The Macedonian movie Honeyland was one of the most remarkable films of the 2019 Sundance Film Festival, winner of the Grand Jury Prize for the best documentary film, the Best Cinematography Award for cameramen Fajmi Daut and Samir Ljuma and the Special Jury Award for Impact for Change.
The story takes place in an isolated mountain region deep within the Balkans where wild beekeeper Hatidze Muratova lives with her ailing mother in a village without roads, electricity or running water.
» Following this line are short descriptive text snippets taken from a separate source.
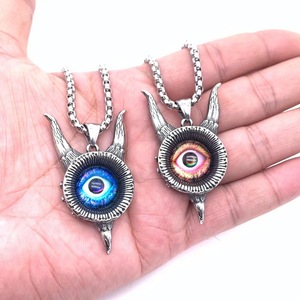 Collar Unisex de Acero Inoxidable con Colgante de Cuernos de Carnero y Ojo de Diablo, Regalo 2160157 - Product Image 3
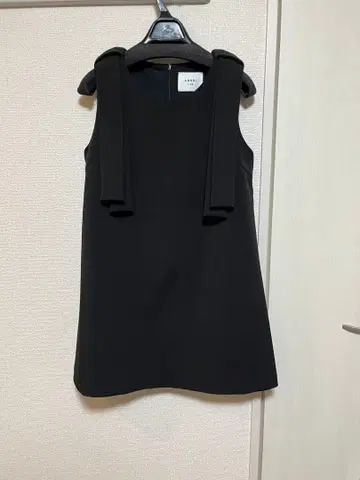 AMERI 블랙 슬리브리스 상의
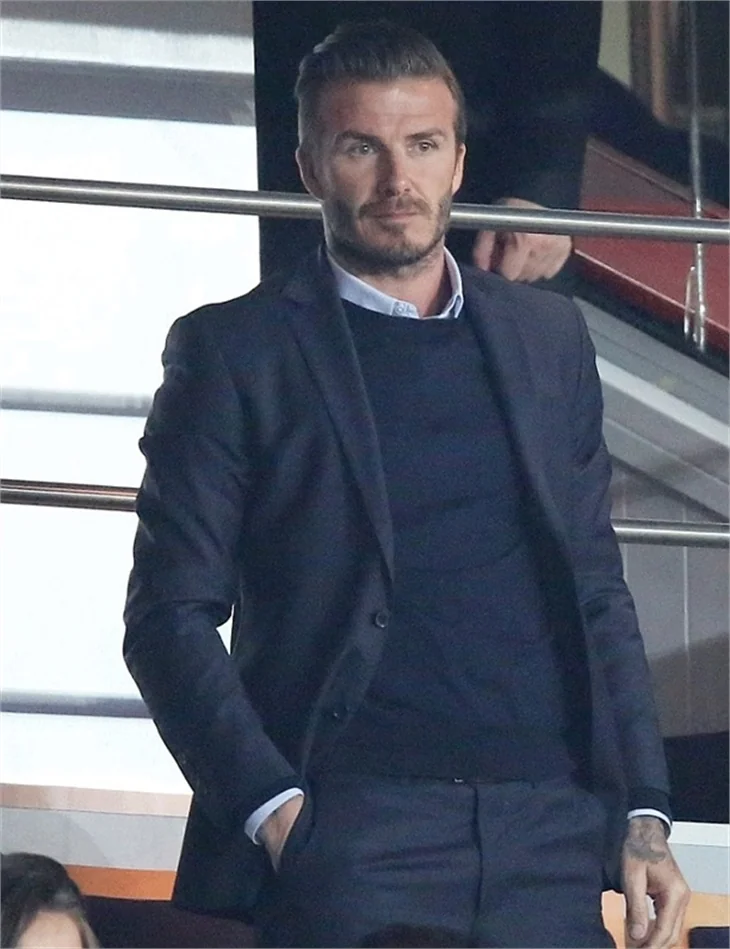 Holigan Beckham'lar tribünde!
Hatidze’s peaceful existence is thrown into upheaval by the arrival of an itinerant family, with their roaring engines, seven children and herd of cattle.
Hussein, the family’s patriarch, senses opportunity and develops an interest in selling his own honey. This causes a breach in the natural order that provokes a conflict with Hatidze that exposes the fundamental tension between nature and humanity, harmony and discord, exploitation and sustainability.
“Hatidze’s story is a microcosm for a wider idea of how closely intertwined nature and humanity are, and how much we stand to lose if we ignore this fundamental connection,” according to co-directors Ljubo Stefanov and Tamara Kotevska.
Every frame of Honeyland pulses with the cycles of life and glows with Hatidze’s magical vitality and optimism. It is a tribute to two endangered and priceless treasures: human decency and the delicate balance of nature.